*ASSIGNED TASK*
Your task is to transcribe, word for word, the line containing "Bmw R 1250 Gs Adventure - фото 0" and all lines that follow it to the end of the entries. Leave out the pictures.
AVAILABLE DATA: Begin
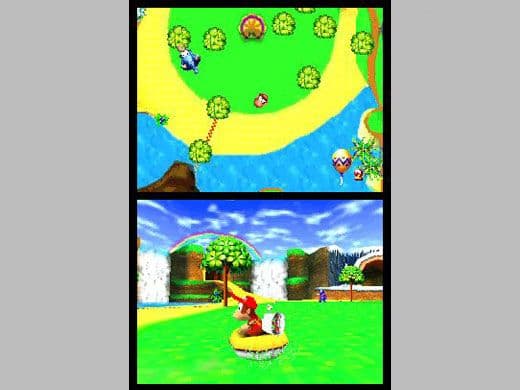 اسکرین‌شات بازی Diddy Kong Racing DS – تصویر 5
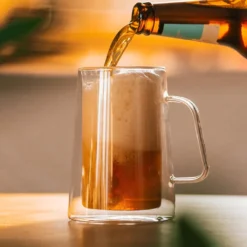 Thermogläser Doppelwandig 6er SET Latte Macchiato Espresso VIALLI DESIGN 300ml -Weinglas Serien Geschäft 2b80cef68723bcc3c89d2338ef6cb41e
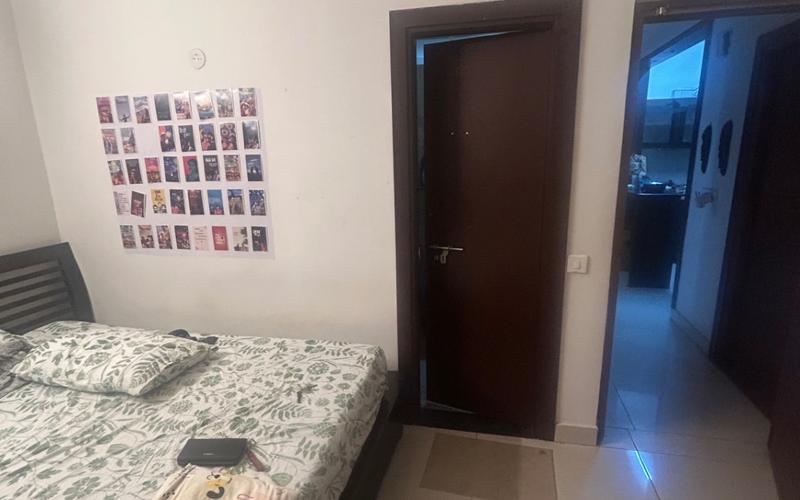 Female flatmate required in 3BHK  apartment  in Electronic-City-Phase-I-Electronic-City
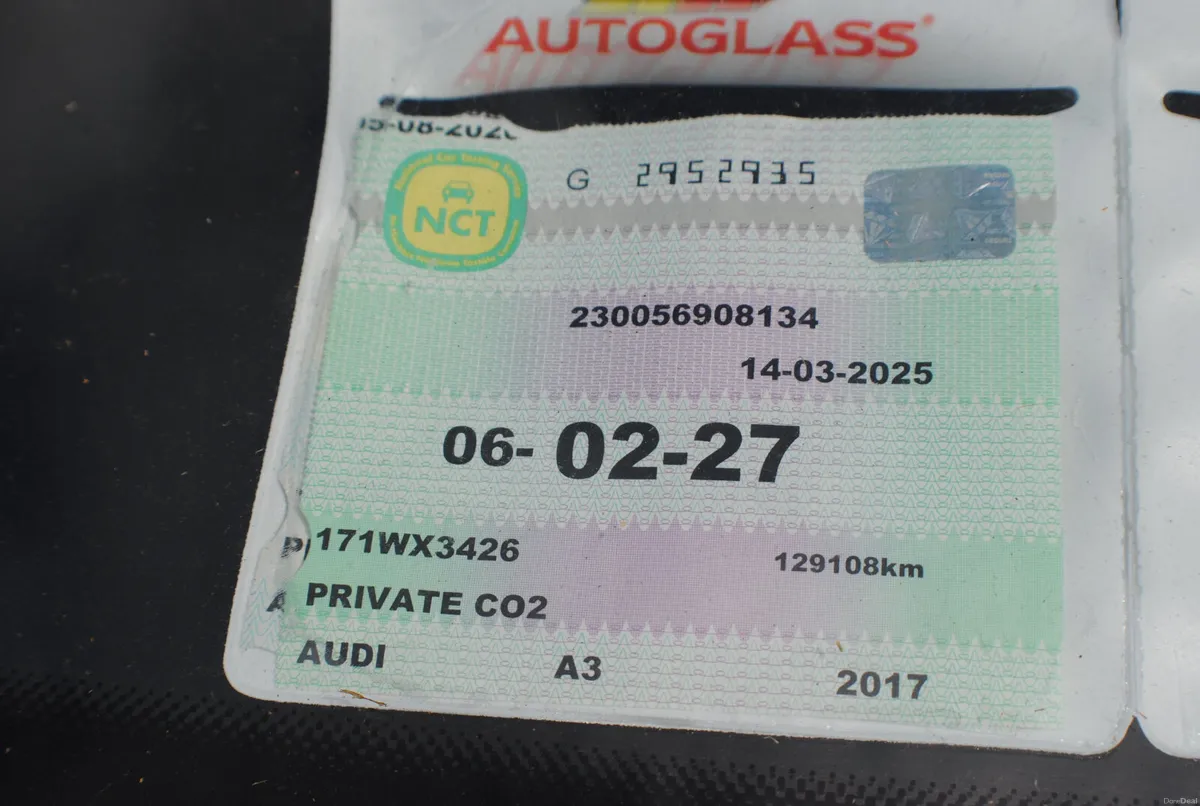 Audi A3 1.6TDI 5DR  2017 - Image 2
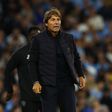 Antonio Conte e a derrota com o Man. City: «Cartão vermelho estragou o jogo»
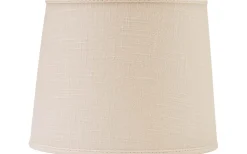 Enfärgade Runda Lampskärmar<PR Home Sofia Lampskärm Ø30cm Classico Beige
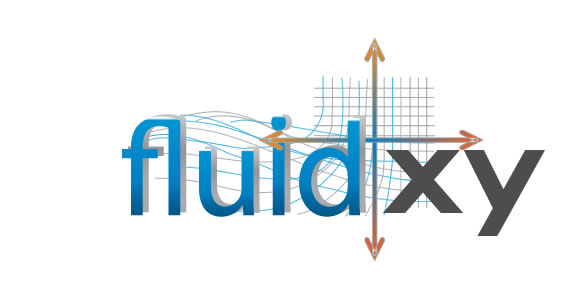 Logo Design by Elisabeth  Sarco for FluidXY Design | Design #41815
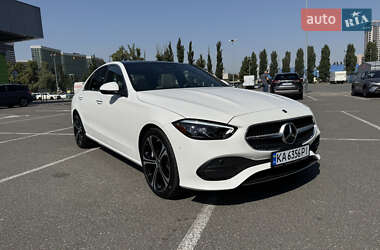 Седан Mercedes-Benz C-Class 2023 в 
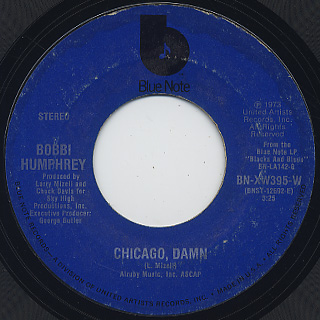 Bobbi Humphrey - Blue Breakbeats Bobbi Humphrey - Blue Breakbeats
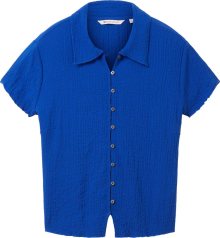TOM TAILOR DENIM Halenka modrá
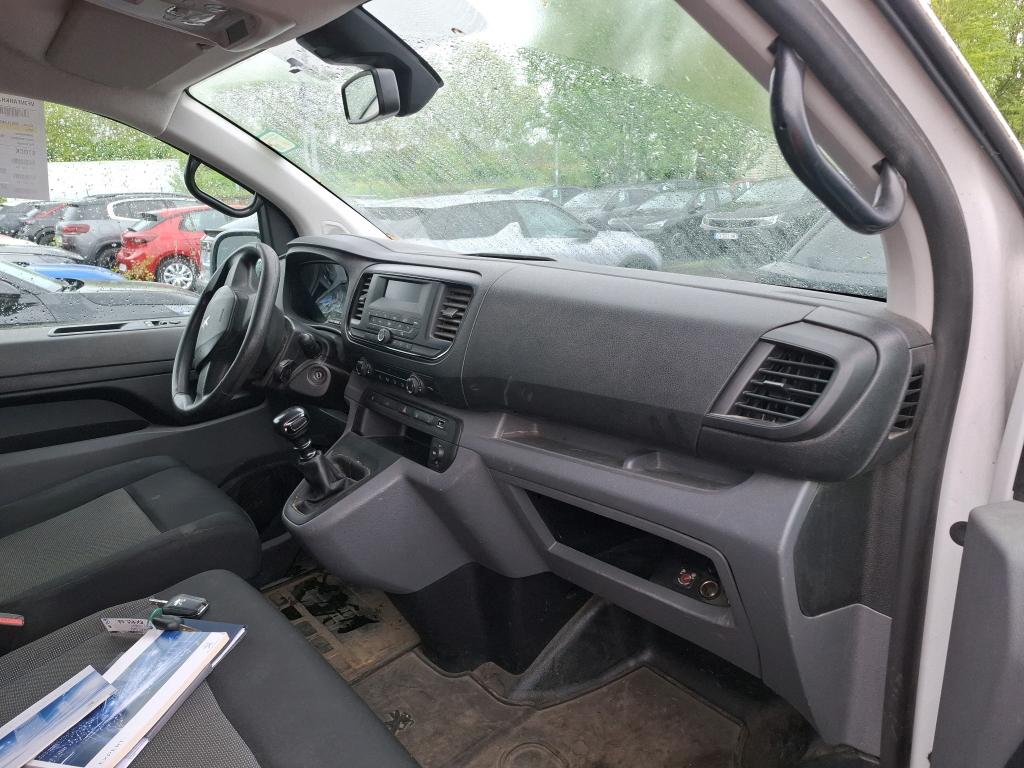 Peugeot EXPERT FGN TOLE STANDARD 2.0  BLUEHDI 120 S&S BVM6 PREMIUM 2018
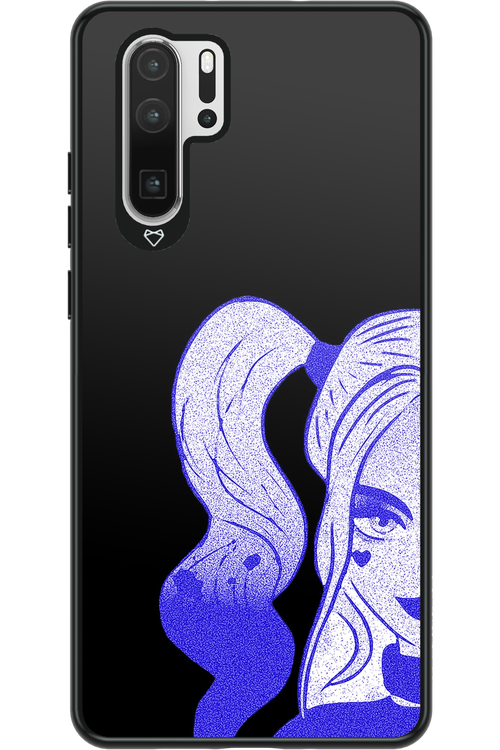 Qween Blue 2.0 - Huawei P30 Pro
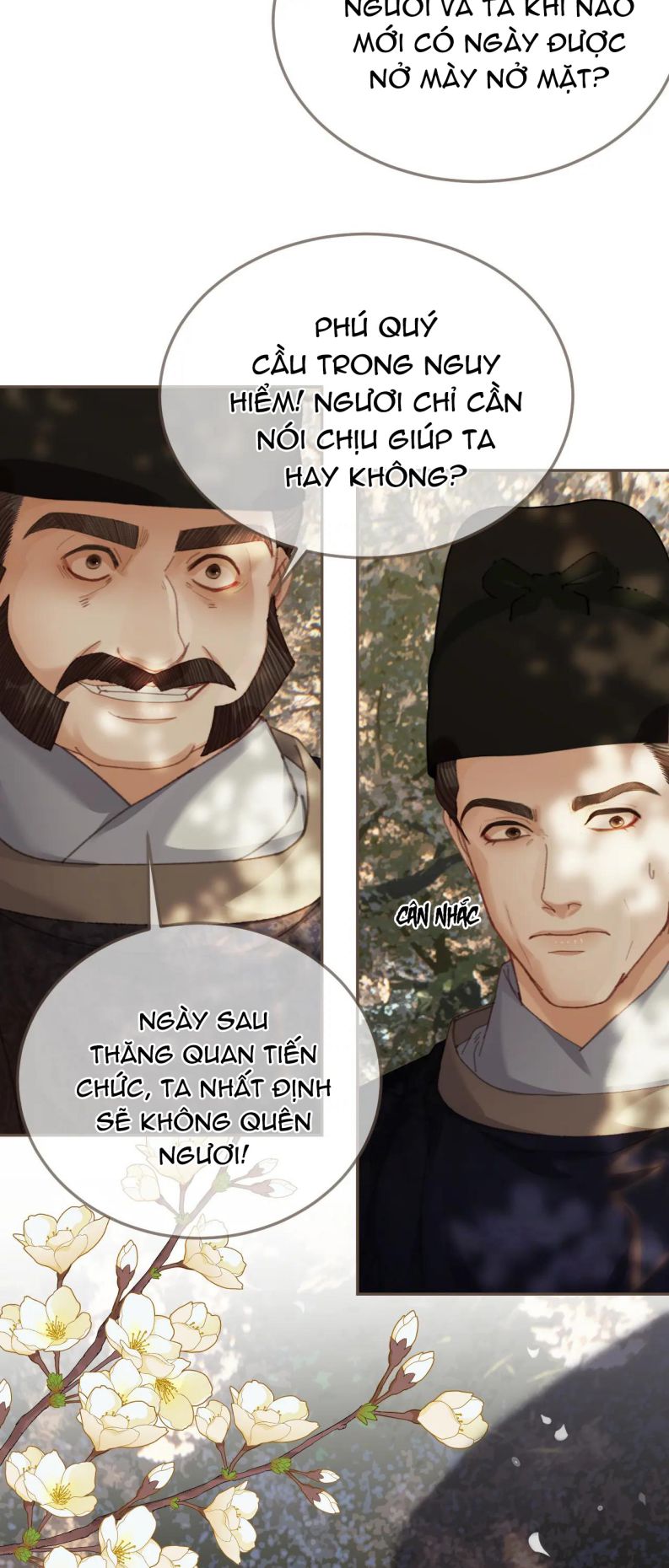 Á Nô 2: Thám Hoa Chap 62 - Trang 3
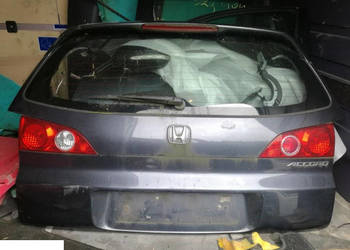 HONDA ACCORD VII 2004 KLAPA TYŁ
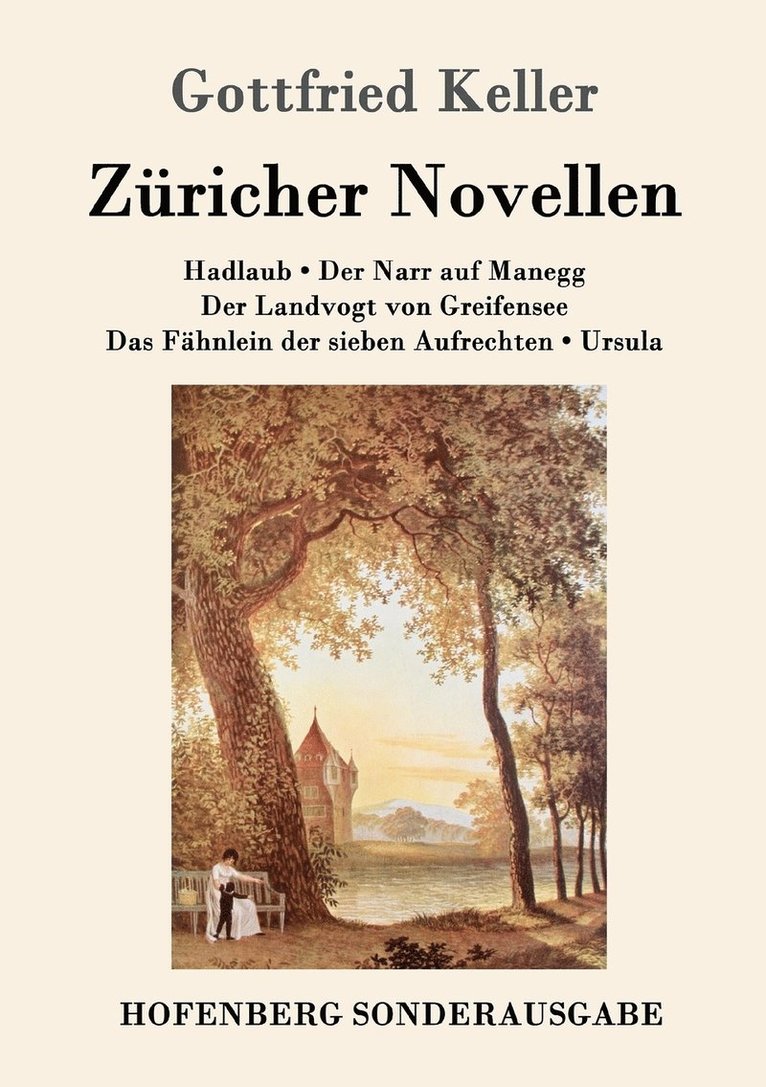 Zricher Novellen 1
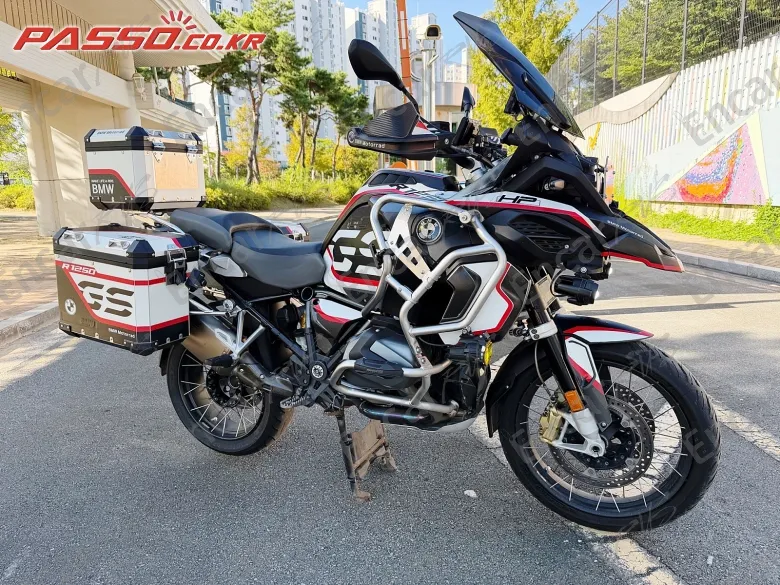 Bmw R 1250 Gs Adventure - фото 0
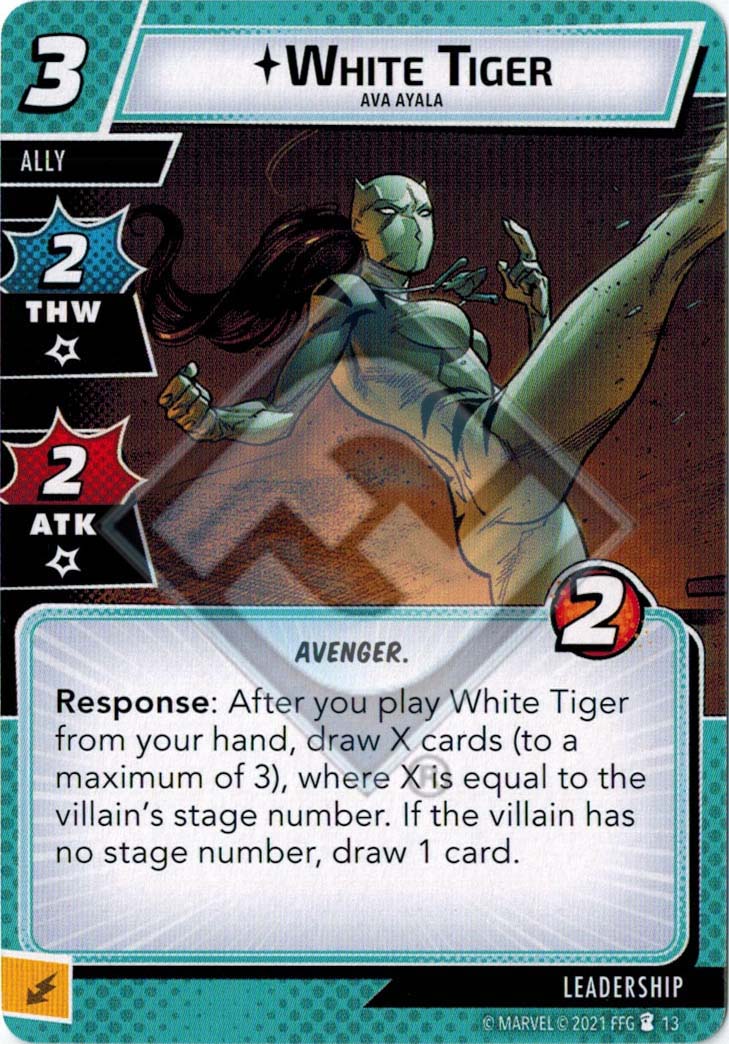 White Tiger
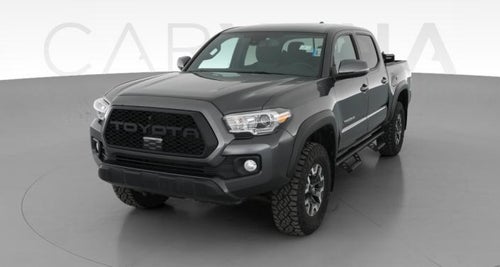 2023 Toyota Tacoma Double Cab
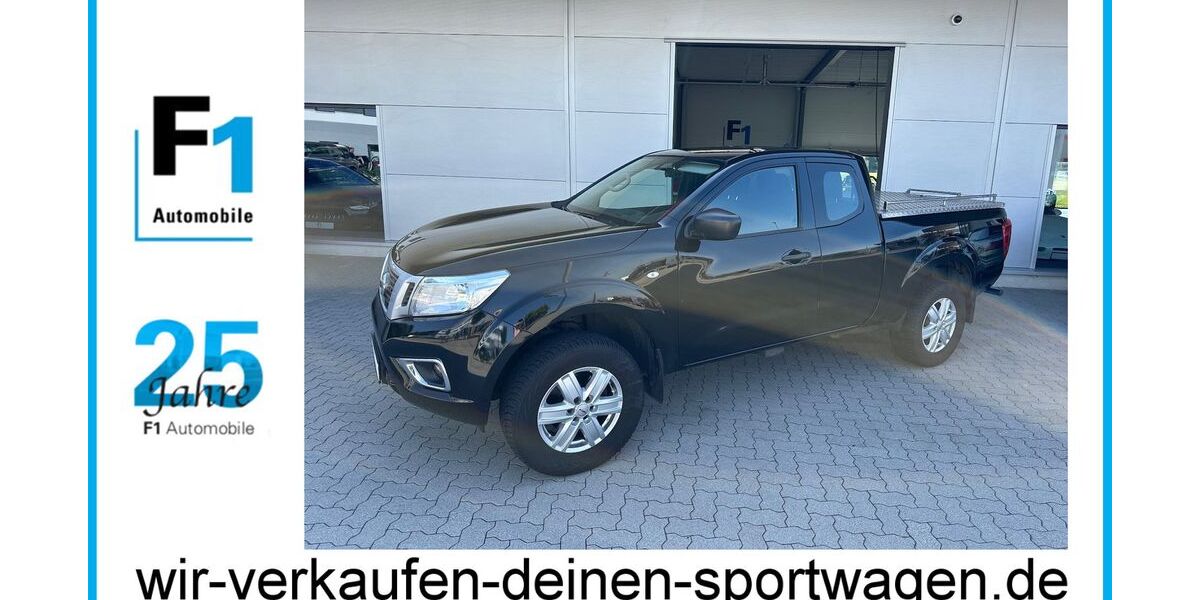 Nissan Navara 24.000 km 29.600 &euro; Karlsdorf-Neuthard 76689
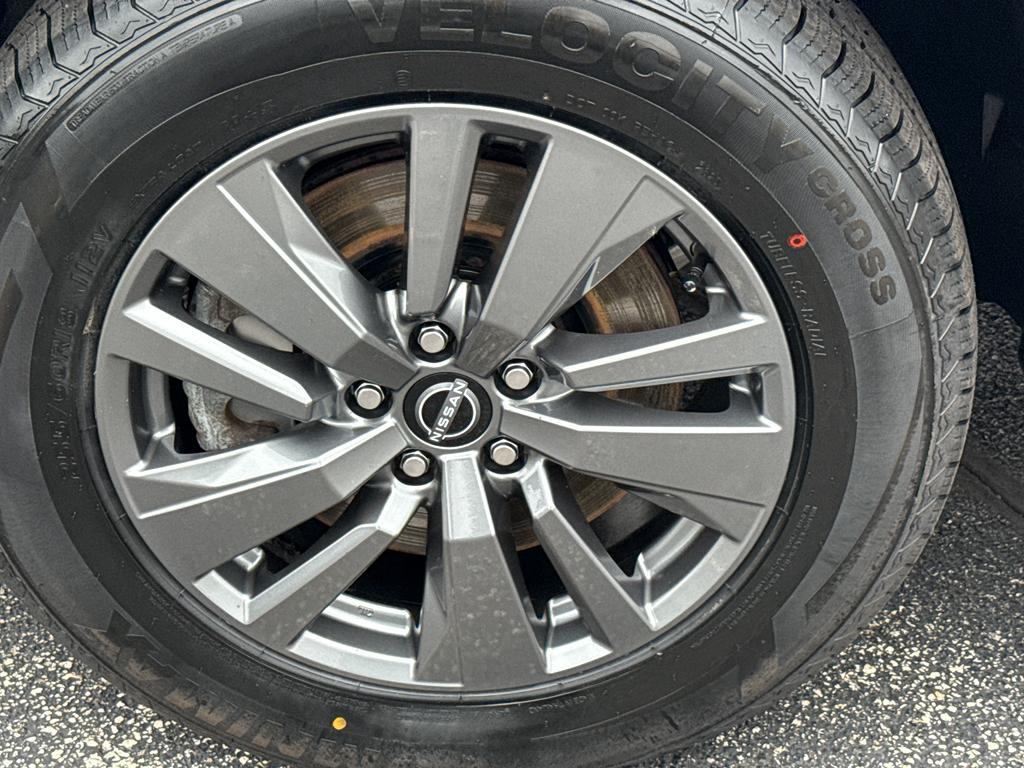 used 2024 Nissan Pathfinder car, priced at $33,990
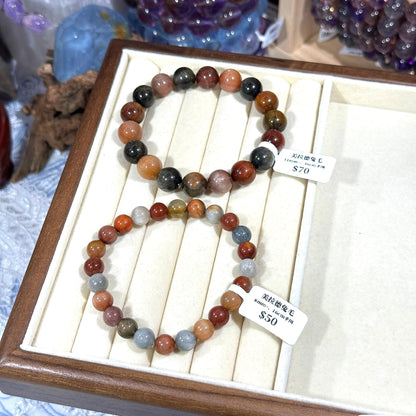 Maillard rabbit hair crystal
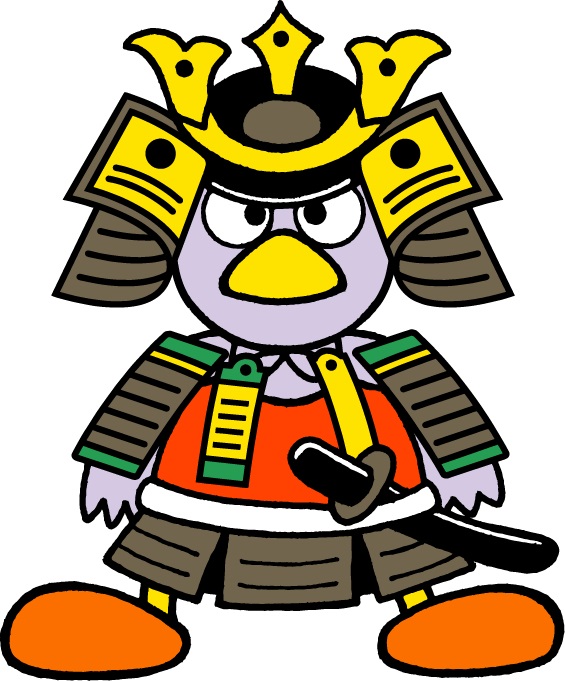コバトン（武士）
AVAILABLE DATA: End
*ANSWER SPACE*
 Bmw R 1250 Gs Adventure - фото 0
 White Tiger
 2023 Toyota Tacoma Double Cab
 Nissan Navara 24.000 km 29.600 &euro; Karlsdorf-Neuthard 76689
 used 2024 Nissan Pathfinder car, priced at $33,990
 Maillard rabbit hair crystal
コバトン（武士）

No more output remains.